By the way: Semiotics, also called semiotic studies or (in the Saussurean tradition) semiology, is the study of signs and sign processes (semiosis), indication, designation, likeness, analogy, metaphor, symbolism, signification, and communication. Semiotics is closely related to the field of linguistics, which, for its part, studies the structure and meaning of language more specifically. Semiotics is often divided into three branches:
Semantics: Relation between signs and the things to which they refer; their denotata, or meaning
Syntactics: Relations among signs in formal structures
Pragmatics: Relation between signs and the effects they have on the people who use them

In Living Color

To think I was there
At the unmasking moment
And saw your true face.
This is like early
Crocuses coming up, out
With their purple blooms
Just after the snows.
They too guess right times
As you did just now, showing
Courage in the gray.

Written January 9, 2009 9:23 AM
First Posted May 30,2009


  1. I looked up semiotics as soon as I ran accross it, I could have waited and read just a little further.

  2. Ahhh...but why would you, or me for that matter, why would I wait and see when the time for action is NOW!! There is a pattern here I think. I put the definition in knowing I was blowing my chances of getting people to read the whole thing because the definition of semiotics makes the post too long for twitter based consciousness. Just like this reply is now too long. But twitter is perfect for ordinary humans who all verge on ADHD or some similar trouble...

    That is why spiritual training raises patience to a high virtue and places a sense of humor close behind.

  3. I wonder if I could be more like the crocuses...instinctual, less analytical. I don't believe they guess at the time to bloom, although it is a lovely idea. Yet I seem to guess at the right time for everything, until it is too late, and the time has passed, or the time for delicacy has passed. Instinctual. I would like to be more so.

  4. Annie, do you think that being driven by instinct feels like anything on the inside? I think it does. I am sure I am sometimes driven by instinct but I rationalize constantly right through any other feeling. I justify. "But I wanted to do that.."

    I think instinct feels like that: "But I wanted to do that!"

    It might be really hard to catch the driven character of it.

  5. Ghost, those tarot cards gave me full blown laugh out loud - fblol. :D

    Not quite rolling on the floor...

  6. i was thinking of timing as i read this and wondering if it was in fact choice to act now or if the action is born of a greater convergence. robert and i talked about this yesterday, as though the alchemy of time and experience brings about certain events, revelations, growths, loves, deaths. as though choice were such an infintismally small element it might not have enough bulk to sway, but yet, is it not important? it must be, for it is work, not luck, that brings us to it, the rise of the crocus. i am both the analytical process but more widely and wildly, the birth of everything that came before me and through me. and so it is having an eye open to catch the bug as it flies by. catch it. swallow it. become it.

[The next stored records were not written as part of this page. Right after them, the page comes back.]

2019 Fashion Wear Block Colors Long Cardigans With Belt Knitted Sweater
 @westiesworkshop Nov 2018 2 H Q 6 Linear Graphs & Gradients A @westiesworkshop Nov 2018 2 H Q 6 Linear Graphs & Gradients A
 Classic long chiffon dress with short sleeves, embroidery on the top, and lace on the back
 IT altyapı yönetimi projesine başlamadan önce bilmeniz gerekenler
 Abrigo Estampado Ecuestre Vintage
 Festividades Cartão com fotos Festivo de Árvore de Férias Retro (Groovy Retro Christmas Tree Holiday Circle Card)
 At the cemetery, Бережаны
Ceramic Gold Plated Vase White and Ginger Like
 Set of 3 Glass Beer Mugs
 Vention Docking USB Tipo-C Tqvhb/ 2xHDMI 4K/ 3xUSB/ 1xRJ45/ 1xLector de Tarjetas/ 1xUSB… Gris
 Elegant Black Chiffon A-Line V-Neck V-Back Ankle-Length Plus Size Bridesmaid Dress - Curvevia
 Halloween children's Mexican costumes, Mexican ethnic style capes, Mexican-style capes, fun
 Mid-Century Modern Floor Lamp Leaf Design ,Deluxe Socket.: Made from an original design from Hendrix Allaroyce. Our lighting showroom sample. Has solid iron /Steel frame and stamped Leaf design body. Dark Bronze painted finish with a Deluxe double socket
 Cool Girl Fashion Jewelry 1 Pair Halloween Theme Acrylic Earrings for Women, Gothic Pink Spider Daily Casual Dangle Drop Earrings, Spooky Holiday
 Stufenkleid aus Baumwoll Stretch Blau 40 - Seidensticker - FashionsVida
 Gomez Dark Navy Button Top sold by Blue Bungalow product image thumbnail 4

  7. and i am in love with this quote by Walker Percy.


  8. (((Erin)))

    Yes! You and Robert are tracking true. Most things are of the nature you describe. We say we have free will granted to us by a universe that demands of us our responsibility. That we do have responsibility is key. Most things are then in chains of responsibility, already settled and we have only the choice to measure up or increase chaos (which lessens genuine freedom). After all these experiences are accounted for, most of the rest are forced at least in part by the choices of others and "acts of god". Then we say that it is not what happens but how we respond, that is where we are free.

    At special moments we find that we stand free with opportunity to move in new directions, especially if we have been careful not to increase the chaos personally. Even then, we may or may not exercise that freedom.

    If we fail to mature we will be overly concerned with freedom and confuse the capacity to increase chaos with the kind of freedom we really cherish. True freedom takes the character of being free to improvise musically after being entrained by all the disciplines that go into musical fluency. These moments of entrained freedom are the special moments that really make life meaningful.


The chicken crossed the road. That's poultry in motion.